How the Gen X factor will change super

But the “administrative complexity” of providing customised investment programs and advice will be an initial challenge for industry, public sector and corporate funds, says Kim Bowater, senior consultant and head of research at Frontier Investment Consulting, which advises on $116 billion in client assets.

This will likely require some technological development. Retail funds, however, have created distribution platforms and will find it easier. “If funds are looking to provide a full set of solutions in retirement, it might require being able to administer individual solutions for members,” Bowater says.

Funds should not use a “one-size-fitsall” approach but look for other sources of income that members have – such as the age pension, property and spouse savings – in developing retirement plans, she says. This will require advice and specific investment products, ranging from capital-guaranteed options to strategies investing in growth assets, such as equities. “An advice-based model and suite of investment options makes sense,” Bowater says.

“Plus web-based tools that allow members to see what kind of financial situation they will be in.”

 

Advice, certainty are critical

 

The rapid growth of self-managed superannuation funds (SMSFs) shows why collective funds need to develop financial advice strategies. SMSFs held $391 billion at June 30, 2010, according to the Australian Prudential Regulation Authority. The amount of capital in SMSFs is growing at an annual rate of 8 per cent, says Andrew Baker, managing partner of Tria Investment Partners, a wealth management industry researcher.

He forecasts that by 2020 the sector will manage more than $1 trillion. This growth has come at the expense of collective super funds that have until now managed the lion’s share of Australia’s mandated savings. Many industry, retail, corporate and public sector funds with more than $1 billion in assets have been involved in mergers since 2005.

However, their collective market share has not increased during these years: any gains in size made through consolidation have been lost to the SMSF market.

“We’re essentially seeing a Cbus roll over into SMSFs this year,” Baker says, referring to the $17 billion industry fund. “Next year a Sunsuper, and a REST Super a year after that,” he adds, indicating that $19 billion and then $20 billion will be lost to SMSFs in the next two years.

Providing retirement investment products and other services, such as direct share trading and term deposits, to match the flexibility of SMSFs will not be enough to stop this, Baker says. Funds need financial advice channels through which members can access these strategies.

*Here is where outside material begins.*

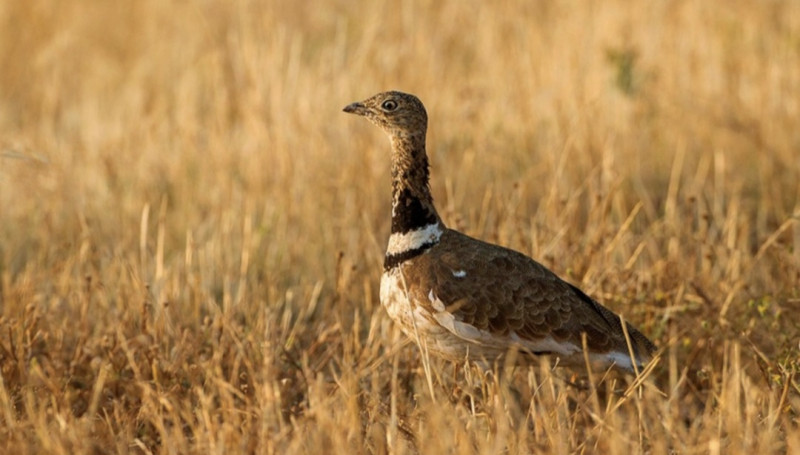 Ərəblər Biləsuvarda Qırmızı Kitaba düşən quşları ovlayırlar? - VİDEO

“There is this myth that everyone is lining up around street corners to buy an SMSF. The fact is it’s the first thing your accountant sells to you after doing your tax return,” Baker says. “Advice is going to be critical in fending off SMSFs.”

More specifically, funds must focus on how they will serve each broad category of their memberships: people with balances up to $100,000; those with balances between $100,000 and $500,000; and those with up to $1 million or more.